Les 3 et 4 février, Arbois accueille la Percée du vin jaune. Mais que savons-nous de son appellation mère ? Avec plus de 800 hectares et une présence affirmée en rouge, elle est l’une des locomotives des vins du Jura. Petit passage en revue géologique.
Par Jacky Rigaux
Adossée au premier plateau des monts du Jura, la côte du Jura, que l’on nomme Revermont, se dresse fièrement et toise la Côte bourguignonne que l’on aperçoit distinctement par beau temps. L’altitude de ces magnifiques coteaux, qui s’égrènent de Saint-Amour au sud à Salins-les-Bains au nord, est sensiblement plus haute, oscillant entre 200 et 400 mètres. Ce vignoble ne se déroule pas sans discontinuité, et laisse beaucoup de place aux prés verdoyants où paissent les vaches dont le lait nous régale d’un des meilleurs fromages français, le comté. Le même nom est d’ailleurs donné aux caves coopératives locales, les « fruitières » : fruitières à comté de Lavigny ou d’Arbois, fruitières à vin de Château-Chalon ou de Pupillin.
Arbois, terre fertile
Arbois, elle, tient son nom de deux mots celtiques : ar (terre) et bos (fertile). La contrée était peuplée depuis la Préhistoire, ce qu’attestent des vestiges retrouvés sur les hauteurs dominant la ville. La vigne y est présente depuis l’époque gallo-romaine. Par la suite, des franchises furent octroyées pour les vins par Philippe le Bon, l’empereur Maximilien d’Autriche ou Charles Quint.
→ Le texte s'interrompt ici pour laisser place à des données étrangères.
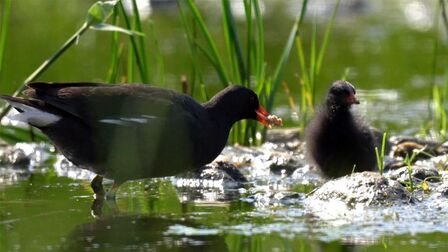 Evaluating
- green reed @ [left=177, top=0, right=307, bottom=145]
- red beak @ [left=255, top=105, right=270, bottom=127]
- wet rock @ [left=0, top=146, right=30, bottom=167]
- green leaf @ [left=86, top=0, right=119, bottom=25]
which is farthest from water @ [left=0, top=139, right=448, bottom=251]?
green leaf @ [left=86, top=0, right=119, bottom=25]

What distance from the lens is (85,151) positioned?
6.08 metres

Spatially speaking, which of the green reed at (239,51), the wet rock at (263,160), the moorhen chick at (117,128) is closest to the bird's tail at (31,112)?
the moorhen chick at (117,128)

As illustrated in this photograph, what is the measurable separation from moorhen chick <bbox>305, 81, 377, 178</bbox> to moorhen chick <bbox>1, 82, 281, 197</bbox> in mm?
1072

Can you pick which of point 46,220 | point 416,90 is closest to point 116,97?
point 46,220

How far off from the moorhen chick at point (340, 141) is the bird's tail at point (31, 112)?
181 centimetres

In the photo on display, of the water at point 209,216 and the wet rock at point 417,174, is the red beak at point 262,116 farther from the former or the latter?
the wet rock at point 417,174

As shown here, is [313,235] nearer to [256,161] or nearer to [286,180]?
[286,180]

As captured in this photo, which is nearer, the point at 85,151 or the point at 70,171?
the point at 85,151

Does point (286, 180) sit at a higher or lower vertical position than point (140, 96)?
lower

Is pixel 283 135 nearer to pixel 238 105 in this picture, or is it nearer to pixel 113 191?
pixel 238 105

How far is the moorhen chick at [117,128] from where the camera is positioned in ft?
19.8

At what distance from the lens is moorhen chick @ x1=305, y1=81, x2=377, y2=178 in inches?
275

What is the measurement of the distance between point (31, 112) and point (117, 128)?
473 millimetres

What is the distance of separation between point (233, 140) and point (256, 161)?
951 millimetres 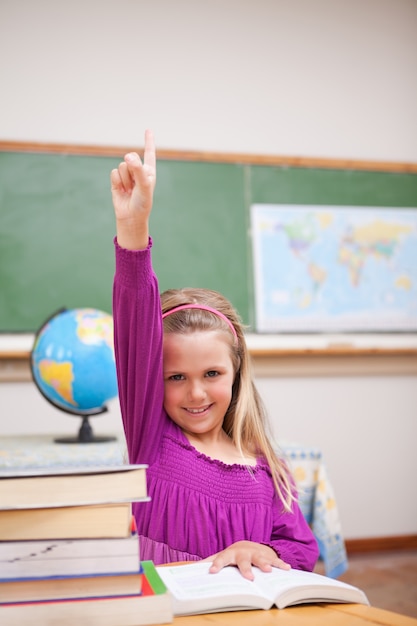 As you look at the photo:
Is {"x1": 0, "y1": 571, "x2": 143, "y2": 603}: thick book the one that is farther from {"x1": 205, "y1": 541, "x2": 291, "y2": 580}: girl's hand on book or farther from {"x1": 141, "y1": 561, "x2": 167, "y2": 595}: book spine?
{"x1": 205, "y1": 541, "x2": 291, "y2": 580}: girl's hand on book

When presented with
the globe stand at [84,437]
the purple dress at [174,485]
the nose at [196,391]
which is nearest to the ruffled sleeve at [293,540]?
the purple dress at [174,485]

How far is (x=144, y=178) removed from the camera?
87 centimetres

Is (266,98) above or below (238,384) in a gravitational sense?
above

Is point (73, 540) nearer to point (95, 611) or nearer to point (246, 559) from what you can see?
point (95, 611)

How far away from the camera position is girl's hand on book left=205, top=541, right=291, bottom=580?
2.63 ft

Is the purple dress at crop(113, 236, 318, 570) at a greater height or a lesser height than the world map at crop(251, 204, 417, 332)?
lesser

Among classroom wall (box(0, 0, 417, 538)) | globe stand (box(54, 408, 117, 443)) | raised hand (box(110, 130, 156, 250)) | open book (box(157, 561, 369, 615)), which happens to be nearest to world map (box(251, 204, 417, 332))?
classroom wall (box(0, 0, 417, 538))

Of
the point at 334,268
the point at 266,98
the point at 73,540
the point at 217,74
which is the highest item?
the point at 217,74

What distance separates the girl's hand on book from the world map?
2.61 m

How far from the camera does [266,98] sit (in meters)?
3.68

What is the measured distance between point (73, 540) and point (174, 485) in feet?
1.63

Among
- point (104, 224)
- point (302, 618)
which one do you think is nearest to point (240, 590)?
point (302, 618)

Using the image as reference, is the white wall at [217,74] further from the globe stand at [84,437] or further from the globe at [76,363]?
the globe stand at [84,437]

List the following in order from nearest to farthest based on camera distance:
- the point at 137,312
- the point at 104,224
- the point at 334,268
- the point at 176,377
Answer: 1. the point at 137,312
2. the point at 176,377
3. the point at 104,224
4. the point at 334,268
Les grands ducs de Bourgogne y eurent un domaine, François 1er en buvait et l’on raconte que le vin d’Arbois réconcilia le roi Henri IV avec le duc de Mayenne.
Boileau et Racine s’en régalaient au cabaret du Mouton blanc, à Paris, qui ne s’approvisionnait qu’en vin d’Arbois ! Jusqu’à la destruction du vignoble par le phylloxéra, Arbois s’imposait donc comme un des fleurons de la viticulture française.
Pays de rouge, mais pas que
Ce vignoble d’environ 800 hectares est protégé par une corniche calcaire. Certaines parcelles entourées de forêts et d’alpages culminent à 400 mètres, la limite extrême de l’appellation. Les marnes irisées du Trias et les marnes grises du Lias constituent la matrice du terroir d’Arbois. Les sols sont riches en contenu minéralogique et possèdent de bonnes réserves hydriques. Sous la corniche se développent d’excellents éboulis calcaires qui plaisent au chardonnay et au pinot noir. À la base des versants, on trouve une abondante couverture d’argiles à chailles, ce qui convient parfaitement au trousseau qui en a fait son terroir de prédilection.
Partout où les marnes du Lias et du Trias s’imposent, le savagnin est roi, accompagné du poulsard (ou ploussard dans le Jura). L’AOP Arbois peut se décliner avec tous les cépages autorisés ici. Avec 70 % de la production, les vins rouges dominent en appellation Arbois.
En jouant sur les caractéristiques des différents lieux-dits, en privilégiant un seul cépage ou en jouant de l’assemblage, la diversité d’expression des vins, en rouge comme en blanc, est exceptionnelle en appellation Arbois. On y produit aussi du vin jaune, du vin de paille et du crémant du Jura.
Arbois-Pupillin, ce grand petit cousin
Vignoble d’environ 30 hectares répartis sur une douzaine de communes, Pupillin a voulu conserver son identité et a obtenu de l’Inao l’appellation Arbois-Pupillin en 1971. La tradition viticole y est fort ancienne et demeure aujourd’hui florissante, avec une trentaine de familles viticultrices dont une partie fait le bonheur d’une fruitière très réputée. C’est à Pupillin qu’est installé le vigneron emblématique, figure internationale des vins du Jura, chantre du vin naturel, Pierre Overnoy.
Côté géologie, les fortes pentes du vignoble de Pupillin ont favorisé l’érosion et mis en évidence les marnes du Trias, ce qui convient parfaitement au cépage roi du Jura, le savagnin, et au cépage autochtone noir, le poulsard, dont la Côte de Feule est le terroir d’élection. D’autres secteurs plus calcaires qui recouvrent les marnes comme dans la Côte de Caillots conviennent parfaitement au chardonnay. Petit vignoble en superficie, mais d’une diversité exceptionnelle, Pupillin mérite le dicton : « Arbois le nom, Pupillin le bon ».